The data Block Start

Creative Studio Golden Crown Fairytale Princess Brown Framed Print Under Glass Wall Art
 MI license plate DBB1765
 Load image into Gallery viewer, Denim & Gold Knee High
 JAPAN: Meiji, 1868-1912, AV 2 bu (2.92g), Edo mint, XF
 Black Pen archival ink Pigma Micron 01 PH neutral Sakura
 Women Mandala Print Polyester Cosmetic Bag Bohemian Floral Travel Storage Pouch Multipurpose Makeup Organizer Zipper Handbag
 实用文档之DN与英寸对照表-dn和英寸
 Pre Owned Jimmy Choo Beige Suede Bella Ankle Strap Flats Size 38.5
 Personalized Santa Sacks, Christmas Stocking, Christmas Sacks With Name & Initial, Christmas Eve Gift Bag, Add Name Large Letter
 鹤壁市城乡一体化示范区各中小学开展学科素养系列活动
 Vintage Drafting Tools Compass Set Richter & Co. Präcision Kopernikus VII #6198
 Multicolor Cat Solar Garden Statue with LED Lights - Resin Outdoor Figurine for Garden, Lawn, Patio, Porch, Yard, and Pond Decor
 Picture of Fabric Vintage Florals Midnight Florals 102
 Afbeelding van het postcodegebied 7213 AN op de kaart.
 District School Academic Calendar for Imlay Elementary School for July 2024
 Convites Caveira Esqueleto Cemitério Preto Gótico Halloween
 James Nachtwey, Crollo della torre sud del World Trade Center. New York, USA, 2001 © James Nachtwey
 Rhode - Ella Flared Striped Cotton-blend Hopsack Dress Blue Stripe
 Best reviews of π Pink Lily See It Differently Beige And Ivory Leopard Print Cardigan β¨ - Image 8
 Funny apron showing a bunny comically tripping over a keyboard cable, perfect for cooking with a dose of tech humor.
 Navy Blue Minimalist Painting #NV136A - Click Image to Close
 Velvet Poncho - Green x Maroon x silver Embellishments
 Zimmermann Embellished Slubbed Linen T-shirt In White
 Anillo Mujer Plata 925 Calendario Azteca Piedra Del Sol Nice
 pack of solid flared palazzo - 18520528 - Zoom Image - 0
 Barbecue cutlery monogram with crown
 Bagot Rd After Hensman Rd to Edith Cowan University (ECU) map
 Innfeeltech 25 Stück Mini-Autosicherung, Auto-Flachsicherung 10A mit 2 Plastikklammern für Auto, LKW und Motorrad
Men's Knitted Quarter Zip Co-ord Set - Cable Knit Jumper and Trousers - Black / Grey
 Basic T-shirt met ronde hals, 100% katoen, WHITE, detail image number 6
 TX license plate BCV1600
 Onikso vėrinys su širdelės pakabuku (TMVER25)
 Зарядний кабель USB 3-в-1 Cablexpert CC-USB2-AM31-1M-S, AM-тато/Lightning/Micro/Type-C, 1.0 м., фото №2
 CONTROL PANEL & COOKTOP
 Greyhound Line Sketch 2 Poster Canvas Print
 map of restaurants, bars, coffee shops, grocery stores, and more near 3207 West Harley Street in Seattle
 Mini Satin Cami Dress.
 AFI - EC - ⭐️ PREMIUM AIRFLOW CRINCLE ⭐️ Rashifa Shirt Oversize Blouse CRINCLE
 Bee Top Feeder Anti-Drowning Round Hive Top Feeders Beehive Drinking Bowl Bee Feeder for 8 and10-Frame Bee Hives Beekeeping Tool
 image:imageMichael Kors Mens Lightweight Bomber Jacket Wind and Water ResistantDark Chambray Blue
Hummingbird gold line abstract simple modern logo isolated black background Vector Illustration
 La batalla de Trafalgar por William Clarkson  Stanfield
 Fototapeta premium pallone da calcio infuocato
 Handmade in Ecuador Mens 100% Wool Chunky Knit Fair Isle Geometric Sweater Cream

The data Block End

**What is expected:** Reproduce the data verbatim, line for line.

**Response area:**
Creative Studio Golden Crown Fairytale Princess Brown Framed Print Under Glass Wall Art
 MI license plate DBB1765
 Load image into Gallery viewer, Denim & Gold Knee High
 JAPAN: Meiji, 1868-1912, AV 2 bu (2.92g), Edo mint, XF
 Black Pen archival ink Pigma Micron 01 PH neutral Sakura
 Women Mandala Print Polyester Cosmetic Bag Bohemian Floral Travel Storage Pouch Multipurpose Makeup Organizer Zipper Handbag
 实用文档之DN与英寸对照表-dn和英寸
 Pre Owned Jimmy Choo Beige Suede Bella Ankle Strap Flats Size 38.5
 Personalized Santa Sacks, Christmas Stocking, Christmas Sacks With Name & Initial, Christmas Eve Gift Bag, Add Name Large Letter
 鹤壁市城乡一体化示范区各中小学开展学科素养系列活动
 Vintage Drafting Tools Compass Set Richter & Co. Präcision Kopernikus VII #6198
 Multicolor Cat Solar Garden Statue with LED Lights - Resin Outdoor Figurine for Garden, Lawn, Patio, Porch, Yard, and Pond Decor
 Picture of Fabric Vintage Florals Midnight Florals 102
 Afbeelding van het postcodegebied 7213 AN op de kaart.
 District School Academic Calendar for Imlay Elementary School for July 2024
 Convites Caveira Esqueleto Cemitério Preto Gótico Halloween
 James Nachtwey, Crollo della torre sud del World Trade Center. New York, USA, 2001 © James Nachtwey
 Rhode - Ella Flared Striped Cotton-blend Hopsack Dress Blue Stripe
 Best reviews of π Pink Lily See It Differently Beige And Ivory Leopard Print Cardigan β¨ - Image 8
 Funny apron showing a bunny comically tripping over a keyboard cable, perfect for cooking with a dose of tech humor.
 Navy Blue Minimalist Painting #NV136A - Click Image to Close
 Velvet Poncho - Green x Maroon x silver Embellishments
 Zimmermann Embellished Slubbed Linen T-shirt In White
 Anillo Mujer Plata 925 Calendario Azteca Piedra Del Sol Nice
 pack of solid flared palazzo - 18520528 - Zoom Image - 0
 Barbecue cutlery monogram with crown
 Bagot Rd After Hensman Rd to Edith Cowan University (ECU) map
 Innfeeltech 25 Stück Mini-Autosicherung, Auto-Flachsicherung 10A mit 2 Plastikklammern für Auto, LKW und Motorrad
Men's Knitted Quarter Zip Co-ord Set - Cable Knit Jumper and Trousers - Black / Grey
 Basic T-shirt met ronde hals, 100% katoen, WHITE, detail image number 6
 TX license plate BCV1600
 Onikso vėrinys su širdelės pakabuku (TMVER25)
 Зарядний кабель USB 3-в-1 Cablexpert CC-USB2-AM31-1M-S, AM-тато/Lightning/Micro/Type-C, 1.0 м., фото №2
 CONTROL PANEL & COOKTOP
 Greyhound Line Sketch 2 Poster Canvas Print
 map of restaurants, bars, coffee shops, grocery stores, and more near 3207 West Harley Street in Seattle
 Mini Satin Cami Dress.
 AFI - EC - ⭐️ PREMIUM AIRFLOW CRINCLE ⭐️ Rashifa Shirt Oversize Blouse CRINCLE
 Bee Top Feeder Anti-Drowning Round Hive Top Feeders Beehive Drinking Bowl Bee Feeder for 8 and10-Frame Bee Hives Beekeeping Tool
 image:imageMichael Kors Mens Lightweight Bomber Jacket Wind and Water ResistantDark Chambray Blue
Hummingbird gold line abstract simple modern logo isolated black background Vector Illustration
 La batalla de Trafalgar por William Clarkson  Stanfield
 Fototapeta premium pallone da calcio infuocato
 Handmade in Ecuador Mens 100% Wool Chunky Knit Fair Isle Geometric Sweater Cream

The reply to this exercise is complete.